In this module 1 course, you will build electronic circuits, actually make some electronic components from scratch and use them in your circuits, learn about electricity, soldering skills, and basic analog electronics. You'll need some basic math skills and that's it! No prior knowledge of electricity of electronics is required, and yet by the end of this course you'll have built functioning electronic circuits like light flashers, sound effects, and controlling the robotics engineer's best friend, the servo motor which is a motor that turns to a specific direction at your command. You will have even connected that servo motor up to read electrical impulses from the muscles in your arm to control the motor bionically. All courses have captions for the hearing impaired.
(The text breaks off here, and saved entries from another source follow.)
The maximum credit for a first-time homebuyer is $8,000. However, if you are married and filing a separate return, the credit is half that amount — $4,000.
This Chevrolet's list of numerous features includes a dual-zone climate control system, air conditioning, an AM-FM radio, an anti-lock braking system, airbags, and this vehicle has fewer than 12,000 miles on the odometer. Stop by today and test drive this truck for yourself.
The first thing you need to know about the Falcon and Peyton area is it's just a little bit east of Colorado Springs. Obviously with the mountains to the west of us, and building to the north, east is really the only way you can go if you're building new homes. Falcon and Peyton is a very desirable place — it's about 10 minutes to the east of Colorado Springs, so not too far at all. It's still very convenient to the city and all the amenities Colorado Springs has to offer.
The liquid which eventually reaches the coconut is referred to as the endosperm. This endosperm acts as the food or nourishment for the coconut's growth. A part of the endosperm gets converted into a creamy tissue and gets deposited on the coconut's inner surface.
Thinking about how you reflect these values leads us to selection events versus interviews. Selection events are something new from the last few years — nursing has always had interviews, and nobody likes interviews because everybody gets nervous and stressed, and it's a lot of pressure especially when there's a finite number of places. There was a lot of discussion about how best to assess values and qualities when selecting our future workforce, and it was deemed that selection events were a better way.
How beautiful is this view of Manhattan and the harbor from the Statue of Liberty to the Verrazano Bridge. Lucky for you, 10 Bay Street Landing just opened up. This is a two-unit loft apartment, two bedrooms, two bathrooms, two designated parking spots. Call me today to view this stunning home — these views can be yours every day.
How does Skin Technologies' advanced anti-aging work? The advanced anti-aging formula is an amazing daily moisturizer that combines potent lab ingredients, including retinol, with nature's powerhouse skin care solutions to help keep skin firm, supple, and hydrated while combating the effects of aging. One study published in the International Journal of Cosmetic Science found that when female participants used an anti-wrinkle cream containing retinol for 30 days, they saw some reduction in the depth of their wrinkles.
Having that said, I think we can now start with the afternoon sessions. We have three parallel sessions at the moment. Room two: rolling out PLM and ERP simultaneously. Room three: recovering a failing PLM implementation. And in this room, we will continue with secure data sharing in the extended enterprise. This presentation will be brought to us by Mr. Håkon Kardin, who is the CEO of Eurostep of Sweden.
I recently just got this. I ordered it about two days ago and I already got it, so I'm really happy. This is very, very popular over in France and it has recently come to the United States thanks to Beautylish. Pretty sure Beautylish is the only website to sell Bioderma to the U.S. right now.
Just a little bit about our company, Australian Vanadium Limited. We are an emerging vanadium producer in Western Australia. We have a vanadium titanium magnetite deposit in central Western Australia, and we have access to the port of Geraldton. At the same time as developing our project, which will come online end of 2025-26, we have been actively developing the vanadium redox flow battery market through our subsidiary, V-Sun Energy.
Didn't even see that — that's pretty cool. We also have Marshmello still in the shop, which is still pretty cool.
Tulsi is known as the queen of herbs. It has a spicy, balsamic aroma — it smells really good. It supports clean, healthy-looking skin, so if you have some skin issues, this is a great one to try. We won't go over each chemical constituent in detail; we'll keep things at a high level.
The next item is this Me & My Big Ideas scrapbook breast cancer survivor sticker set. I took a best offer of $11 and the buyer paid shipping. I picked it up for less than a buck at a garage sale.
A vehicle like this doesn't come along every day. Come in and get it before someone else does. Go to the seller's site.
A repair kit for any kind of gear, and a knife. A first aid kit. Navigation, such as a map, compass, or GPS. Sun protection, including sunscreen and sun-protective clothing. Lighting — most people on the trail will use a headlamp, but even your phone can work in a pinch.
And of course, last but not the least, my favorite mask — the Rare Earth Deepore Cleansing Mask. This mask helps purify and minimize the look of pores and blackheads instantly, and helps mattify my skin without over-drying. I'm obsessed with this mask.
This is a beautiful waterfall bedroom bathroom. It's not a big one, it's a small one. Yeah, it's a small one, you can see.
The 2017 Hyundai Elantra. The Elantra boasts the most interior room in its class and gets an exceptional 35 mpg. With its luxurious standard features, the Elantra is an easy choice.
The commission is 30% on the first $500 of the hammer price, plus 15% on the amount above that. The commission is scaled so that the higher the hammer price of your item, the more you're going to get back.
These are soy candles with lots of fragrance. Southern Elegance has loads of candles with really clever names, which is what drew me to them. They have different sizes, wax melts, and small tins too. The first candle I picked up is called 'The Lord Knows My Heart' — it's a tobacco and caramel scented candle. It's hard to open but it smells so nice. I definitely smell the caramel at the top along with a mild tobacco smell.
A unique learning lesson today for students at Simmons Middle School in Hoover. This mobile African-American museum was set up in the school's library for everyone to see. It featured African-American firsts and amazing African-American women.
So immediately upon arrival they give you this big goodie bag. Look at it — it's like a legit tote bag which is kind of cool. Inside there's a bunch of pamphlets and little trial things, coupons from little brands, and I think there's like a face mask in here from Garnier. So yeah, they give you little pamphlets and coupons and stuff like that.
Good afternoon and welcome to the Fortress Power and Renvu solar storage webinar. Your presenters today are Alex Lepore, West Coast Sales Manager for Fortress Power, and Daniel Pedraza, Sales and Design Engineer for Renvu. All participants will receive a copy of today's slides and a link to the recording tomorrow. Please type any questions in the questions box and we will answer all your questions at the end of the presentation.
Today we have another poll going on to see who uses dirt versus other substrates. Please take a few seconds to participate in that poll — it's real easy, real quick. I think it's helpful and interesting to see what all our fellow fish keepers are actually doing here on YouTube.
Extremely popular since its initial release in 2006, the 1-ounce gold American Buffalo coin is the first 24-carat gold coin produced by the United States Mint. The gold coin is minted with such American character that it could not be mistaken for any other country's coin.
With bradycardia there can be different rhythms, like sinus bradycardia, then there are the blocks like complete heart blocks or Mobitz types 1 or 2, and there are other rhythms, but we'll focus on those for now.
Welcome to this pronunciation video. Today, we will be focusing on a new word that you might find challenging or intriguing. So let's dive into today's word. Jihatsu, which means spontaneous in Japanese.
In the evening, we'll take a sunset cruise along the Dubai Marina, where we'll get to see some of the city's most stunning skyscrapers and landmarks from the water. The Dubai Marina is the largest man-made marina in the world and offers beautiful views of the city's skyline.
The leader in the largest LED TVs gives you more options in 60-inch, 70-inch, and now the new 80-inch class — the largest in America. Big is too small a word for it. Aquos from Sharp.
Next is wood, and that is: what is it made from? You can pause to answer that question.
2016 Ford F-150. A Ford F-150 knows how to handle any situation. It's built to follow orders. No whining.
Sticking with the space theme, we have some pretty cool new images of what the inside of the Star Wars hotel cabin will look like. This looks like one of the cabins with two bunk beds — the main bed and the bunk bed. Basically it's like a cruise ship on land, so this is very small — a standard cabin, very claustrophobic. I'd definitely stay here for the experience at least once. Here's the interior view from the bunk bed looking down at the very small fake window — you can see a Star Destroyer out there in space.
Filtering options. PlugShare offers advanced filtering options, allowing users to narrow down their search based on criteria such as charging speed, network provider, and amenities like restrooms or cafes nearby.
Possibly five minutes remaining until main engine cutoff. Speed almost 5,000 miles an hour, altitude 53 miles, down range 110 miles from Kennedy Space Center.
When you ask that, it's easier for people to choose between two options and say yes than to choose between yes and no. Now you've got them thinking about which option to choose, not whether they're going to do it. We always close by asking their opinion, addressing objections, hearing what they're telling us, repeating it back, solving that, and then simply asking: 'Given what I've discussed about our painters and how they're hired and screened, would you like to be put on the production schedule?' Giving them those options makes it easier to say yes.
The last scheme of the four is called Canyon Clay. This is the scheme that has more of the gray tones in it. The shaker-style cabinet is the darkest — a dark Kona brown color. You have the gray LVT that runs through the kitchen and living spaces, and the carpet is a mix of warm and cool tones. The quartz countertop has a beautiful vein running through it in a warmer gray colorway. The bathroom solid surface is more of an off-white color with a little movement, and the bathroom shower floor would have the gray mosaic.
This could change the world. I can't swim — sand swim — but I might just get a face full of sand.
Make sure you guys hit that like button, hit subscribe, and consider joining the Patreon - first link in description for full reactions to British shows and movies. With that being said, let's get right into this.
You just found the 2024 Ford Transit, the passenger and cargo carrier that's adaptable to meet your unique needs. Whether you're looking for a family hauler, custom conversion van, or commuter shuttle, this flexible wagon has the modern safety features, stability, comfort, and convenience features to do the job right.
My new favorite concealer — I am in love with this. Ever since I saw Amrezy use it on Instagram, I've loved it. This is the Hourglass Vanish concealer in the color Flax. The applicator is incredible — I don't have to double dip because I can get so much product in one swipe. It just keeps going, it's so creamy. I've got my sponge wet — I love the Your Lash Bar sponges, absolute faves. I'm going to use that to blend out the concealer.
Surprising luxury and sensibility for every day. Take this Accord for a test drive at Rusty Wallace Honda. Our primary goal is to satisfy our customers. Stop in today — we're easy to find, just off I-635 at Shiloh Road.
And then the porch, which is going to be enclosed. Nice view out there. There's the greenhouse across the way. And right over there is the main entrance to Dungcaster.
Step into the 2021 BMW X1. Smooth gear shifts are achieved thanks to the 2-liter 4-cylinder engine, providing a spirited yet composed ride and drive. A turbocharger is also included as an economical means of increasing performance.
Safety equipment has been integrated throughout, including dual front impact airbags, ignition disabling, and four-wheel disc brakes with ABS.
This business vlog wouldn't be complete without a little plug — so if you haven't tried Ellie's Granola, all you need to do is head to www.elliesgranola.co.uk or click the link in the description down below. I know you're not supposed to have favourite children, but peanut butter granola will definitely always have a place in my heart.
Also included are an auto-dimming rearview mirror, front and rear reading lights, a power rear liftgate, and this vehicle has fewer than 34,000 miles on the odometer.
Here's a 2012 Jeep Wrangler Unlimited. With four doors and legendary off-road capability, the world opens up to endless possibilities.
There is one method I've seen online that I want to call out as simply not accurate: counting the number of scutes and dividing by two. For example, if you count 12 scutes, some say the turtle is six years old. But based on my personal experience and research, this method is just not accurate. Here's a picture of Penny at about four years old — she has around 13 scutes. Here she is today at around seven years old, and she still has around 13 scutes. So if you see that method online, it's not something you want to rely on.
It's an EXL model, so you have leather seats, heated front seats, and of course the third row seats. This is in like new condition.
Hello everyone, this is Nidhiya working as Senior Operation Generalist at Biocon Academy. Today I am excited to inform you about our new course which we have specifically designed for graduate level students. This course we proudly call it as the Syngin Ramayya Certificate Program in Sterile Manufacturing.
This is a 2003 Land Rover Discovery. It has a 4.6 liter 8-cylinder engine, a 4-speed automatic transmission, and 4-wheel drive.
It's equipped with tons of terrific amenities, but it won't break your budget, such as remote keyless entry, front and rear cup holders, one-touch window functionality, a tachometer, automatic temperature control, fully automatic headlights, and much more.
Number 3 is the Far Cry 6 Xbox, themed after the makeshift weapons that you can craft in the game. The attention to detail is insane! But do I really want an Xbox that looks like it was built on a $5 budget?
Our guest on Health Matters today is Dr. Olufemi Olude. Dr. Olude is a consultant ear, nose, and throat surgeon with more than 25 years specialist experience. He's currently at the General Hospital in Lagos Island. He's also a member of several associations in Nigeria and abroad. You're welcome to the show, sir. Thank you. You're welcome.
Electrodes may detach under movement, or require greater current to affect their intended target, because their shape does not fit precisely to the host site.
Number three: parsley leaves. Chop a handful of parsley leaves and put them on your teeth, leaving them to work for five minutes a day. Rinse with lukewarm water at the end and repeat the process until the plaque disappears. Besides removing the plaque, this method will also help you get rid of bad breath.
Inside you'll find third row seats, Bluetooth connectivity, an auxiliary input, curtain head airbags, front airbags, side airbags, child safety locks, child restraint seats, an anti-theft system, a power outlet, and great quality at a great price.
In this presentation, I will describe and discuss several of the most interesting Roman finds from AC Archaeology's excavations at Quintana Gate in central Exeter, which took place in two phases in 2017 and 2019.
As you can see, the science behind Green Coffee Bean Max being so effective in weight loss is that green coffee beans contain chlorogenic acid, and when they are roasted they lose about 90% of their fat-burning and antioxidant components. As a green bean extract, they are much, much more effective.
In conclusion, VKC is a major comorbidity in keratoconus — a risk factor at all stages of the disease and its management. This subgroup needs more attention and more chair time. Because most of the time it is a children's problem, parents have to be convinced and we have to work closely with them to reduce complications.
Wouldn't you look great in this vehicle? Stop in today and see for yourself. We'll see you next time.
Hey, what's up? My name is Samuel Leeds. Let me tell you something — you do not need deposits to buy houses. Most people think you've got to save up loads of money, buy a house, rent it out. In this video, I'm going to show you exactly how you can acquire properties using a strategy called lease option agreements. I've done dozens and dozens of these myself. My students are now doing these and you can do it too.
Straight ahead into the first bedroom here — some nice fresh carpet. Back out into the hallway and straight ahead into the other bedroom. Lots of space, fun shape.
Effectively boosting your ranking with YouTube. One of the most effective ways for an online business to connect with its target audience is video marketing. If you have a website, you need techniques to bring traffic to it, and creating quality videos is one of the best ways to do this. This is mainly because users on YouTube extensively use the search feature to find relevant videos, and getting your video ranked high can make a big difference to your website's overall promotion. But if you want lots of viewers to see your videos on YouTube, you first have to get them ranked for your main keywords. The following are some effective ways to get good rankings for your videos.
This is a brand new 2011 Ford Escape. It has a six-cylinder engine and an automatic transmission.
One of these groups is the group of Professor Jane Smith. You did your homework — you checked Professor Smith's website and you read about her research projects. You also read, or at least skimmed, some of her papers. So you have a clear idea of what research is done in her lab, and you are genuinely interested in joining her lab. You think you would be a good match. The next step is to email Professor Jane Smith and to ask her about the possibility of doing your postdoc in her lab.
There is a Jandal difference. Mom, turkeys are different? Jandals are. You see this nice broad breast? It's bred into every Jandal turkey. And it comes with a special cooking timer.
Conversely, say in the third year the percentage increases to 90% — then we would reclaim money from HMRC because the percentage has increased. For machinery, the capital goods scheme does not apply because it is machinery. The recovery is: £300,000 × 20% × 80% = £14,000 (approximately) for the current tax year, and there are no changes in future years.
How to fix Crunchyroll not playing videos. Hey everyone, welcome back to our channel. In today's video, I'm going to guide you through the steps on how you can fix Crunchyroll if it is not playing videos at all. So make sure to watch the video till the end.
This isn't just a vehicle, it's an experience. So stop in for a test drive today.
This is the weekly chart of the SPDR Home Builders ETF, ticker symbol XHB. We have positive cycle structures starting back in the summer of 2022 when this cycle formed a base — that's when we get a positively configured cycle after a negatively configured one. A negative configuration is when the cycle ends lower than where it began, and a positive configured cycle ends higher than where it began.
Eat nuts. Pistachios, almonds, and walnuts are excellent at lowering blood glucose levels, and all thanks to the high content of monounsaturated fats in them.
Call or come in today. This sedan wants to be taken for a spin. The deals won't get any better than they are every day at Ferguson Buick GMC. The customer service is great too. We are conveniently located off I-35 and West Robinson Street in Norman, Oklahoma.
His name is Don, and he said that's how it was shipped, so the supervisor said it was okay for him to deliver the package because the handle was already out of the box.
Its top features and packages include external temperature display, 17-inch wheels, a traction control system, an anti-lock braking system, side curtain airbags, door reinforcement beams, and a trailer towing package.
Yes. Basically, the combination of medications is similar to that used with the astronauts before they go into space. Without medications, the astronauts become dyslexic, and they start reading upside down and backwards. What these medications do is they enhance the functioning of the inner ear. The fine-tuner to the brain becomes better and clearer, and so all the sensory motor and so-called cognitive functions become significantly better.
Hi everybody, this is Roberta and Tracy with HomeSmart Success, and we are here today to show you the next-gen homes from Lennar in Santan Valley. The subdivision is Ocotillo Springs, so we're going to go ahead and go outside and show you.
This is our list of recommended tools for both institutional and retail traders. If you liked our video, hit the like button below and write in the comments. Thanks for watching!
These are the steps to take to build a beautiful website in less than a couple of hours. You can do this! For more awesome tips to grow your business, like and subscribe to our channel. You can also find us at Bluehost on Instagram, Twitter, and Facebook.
Start through the lessons today to begin your personal education journey towards your goals - a horizon now filled with so many more opportunities because of your new-found knowledge.
Course materials:
You will need electronic parts and a breadboard, which you can purchase as an accompanying kit (the Analog Electronics Kit) or provide your own.
The first section of the course (available for free preview) explains what the tools and parts are and what you will need if you are supplying your own electronic parts.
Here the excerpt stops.